Hyperthyroidism: A Review

Affiliations
Review

Hyperthyroidism: A Review

Sun Y Lee et al. JAMA. .

Abstract

Importance: Overt hyperthyroidism, defined as suppressed thyrotropin (previously thyroid-stimulating hormone) and high concentration of triiodothyronine (T3) and/or free thyroxine (FT4), affects approximately 0.2% to 1.4% of people worldwide. Subclinical hyperthyroidism, defined as low concentrations of thyrotropin and normal concentrations of T3 and FT4, affects approximately 0.7% to 1.4% of people worldwide. Untreated hyperthyroidism can cause cardiac arrhythmias, heart failure, osteoporosis, and adverse pregnancy outcomes. It may lead to unintentional weight loss and is associated with increased mortality.

Observations: The most common cause of hyperthyroidism is Graves disease, with a global prevalence of 2% in women and 0.5% in men. Other causes of hyperthyroidism and thyrotoxicosis include toxic nodules and the thyrotoxic phase of thyroiditis. Common symptoms of thyrotoxicosis include anxiety, insomnia, palpitations, unintentional weight loss, diarrhea, and heat intolerance. Patients with Graves disease may have a diffusely enlarged thyroid gland, stare, or exophthalmos on examination. Patients with toxic nodules (ie, in which thyroid nodules develop autonomous function) may have symptoms from local compression of structures in the neck by the thyroid gland, such as dysphagia, orthopnea, or voice changes.

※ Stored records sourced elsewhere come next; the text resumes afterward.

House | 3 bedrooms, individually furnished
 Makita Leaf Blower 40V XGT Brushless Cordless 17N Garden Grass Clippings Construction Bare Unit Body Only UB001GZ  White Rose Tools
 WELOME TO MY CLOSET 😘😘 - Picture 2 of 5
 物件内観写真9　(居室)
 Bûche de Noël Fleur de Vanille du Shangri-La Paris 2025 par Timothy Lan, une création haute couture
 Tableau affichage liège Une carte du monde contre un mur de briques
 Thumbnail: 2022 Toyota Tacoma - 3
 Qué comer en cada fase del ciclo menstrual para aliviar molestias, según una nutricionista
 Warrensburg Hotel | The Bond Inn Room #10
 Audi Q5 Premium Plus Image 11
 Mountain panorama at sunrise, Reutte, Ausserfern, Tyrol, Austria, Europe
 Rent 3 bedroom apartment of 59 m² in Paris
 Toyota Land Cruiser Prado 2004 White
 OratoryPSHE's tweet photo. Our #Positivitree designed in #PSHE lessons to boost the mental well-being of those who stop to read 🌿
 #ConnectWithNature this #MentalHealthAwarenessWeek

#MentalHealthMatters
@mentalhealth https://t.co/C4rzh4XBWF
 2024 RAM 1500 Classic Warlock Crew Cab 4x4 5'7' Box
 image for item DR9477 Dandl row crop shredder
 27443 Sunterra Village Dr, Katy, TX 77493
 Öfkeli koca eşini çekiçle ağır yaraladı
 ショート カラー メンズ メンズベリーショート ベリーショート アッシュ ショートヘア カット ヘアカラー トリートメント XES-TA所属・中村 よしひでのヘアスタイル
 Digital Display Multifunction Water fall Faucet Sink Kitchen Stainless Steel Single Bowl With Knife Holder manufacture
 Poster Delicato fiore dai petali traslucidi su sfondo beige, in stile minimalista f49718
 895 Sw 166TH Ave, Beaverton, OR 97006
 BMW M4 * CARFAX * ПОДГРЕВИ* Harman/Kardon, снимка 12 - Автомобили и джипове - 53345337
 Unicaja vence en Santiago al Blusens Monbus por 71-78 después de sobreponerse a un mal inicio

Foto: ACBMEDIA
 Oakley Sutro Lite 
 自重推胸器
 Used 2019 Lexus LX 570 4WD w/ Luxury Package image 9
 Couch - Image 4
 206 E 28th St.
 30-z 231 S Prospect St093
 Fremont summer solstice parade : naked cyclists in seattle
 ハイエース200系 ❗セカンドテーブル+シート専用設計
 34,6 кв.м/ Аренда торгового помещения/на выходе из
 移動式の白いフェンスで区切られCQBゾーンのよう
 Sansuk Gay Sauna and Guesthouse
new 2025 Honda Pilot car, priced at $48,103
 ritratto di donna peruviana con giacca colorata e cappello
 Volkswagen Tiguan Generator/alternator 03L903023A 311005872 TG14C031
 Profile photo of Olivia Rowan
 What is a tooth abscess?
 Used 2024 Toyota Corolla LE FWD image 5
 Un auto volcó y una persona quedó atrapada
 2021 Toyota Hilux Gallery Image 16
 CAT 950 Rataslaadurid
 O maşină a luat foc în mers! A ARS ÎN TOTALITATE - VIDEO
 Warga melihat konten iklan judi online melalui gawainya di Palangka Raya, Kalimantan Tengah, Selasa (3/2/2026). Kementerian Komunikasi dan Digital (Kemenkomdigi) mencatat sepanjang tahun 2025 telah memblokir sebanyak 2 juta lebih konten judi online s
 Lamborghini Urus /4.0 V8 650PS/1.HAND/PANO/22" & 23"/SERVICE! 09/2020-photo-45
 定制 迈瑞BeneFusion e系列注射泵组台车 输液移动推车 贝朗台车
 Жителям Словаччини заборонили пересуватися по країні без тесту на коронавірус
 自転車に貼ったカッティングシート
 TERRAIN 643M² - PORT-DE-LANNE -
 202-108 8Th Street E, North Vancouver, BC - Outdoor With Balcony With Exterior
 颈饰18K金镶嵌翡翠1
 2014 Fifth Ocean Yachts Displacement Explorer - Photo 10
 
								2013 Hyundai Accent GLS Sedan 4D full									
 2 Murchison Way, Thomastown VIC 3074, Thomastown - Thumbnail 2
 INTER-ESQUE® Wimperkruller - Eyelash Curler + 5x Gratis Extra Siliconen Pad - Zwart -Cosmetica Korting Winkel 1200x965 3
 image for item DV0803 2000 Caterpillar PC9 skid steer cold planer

Etiology can typically be established based on clinical presentation, thyroid function tests, and thyrotropin-receptor antibody status. Thyroid scintigraphy is recommended if thyroid nodules are present or the etiology is unclear. Thyrotoxicosis from thyroiditis may be observed if symptomatic or treated with supportive care. Treatment options for overt hyperthyroidism from autonomous thyroid nodules or Graves disease include antithyroid drugs, radioactive iodine ablation, and surgery. Treatment for subclinical hyperthyroidism is recommended for patients at highest risk of osteoporosis and cardiovascular disease, such as those older than 65 years or with persistent serum thyrotropin level less than 0.1 mIU/L.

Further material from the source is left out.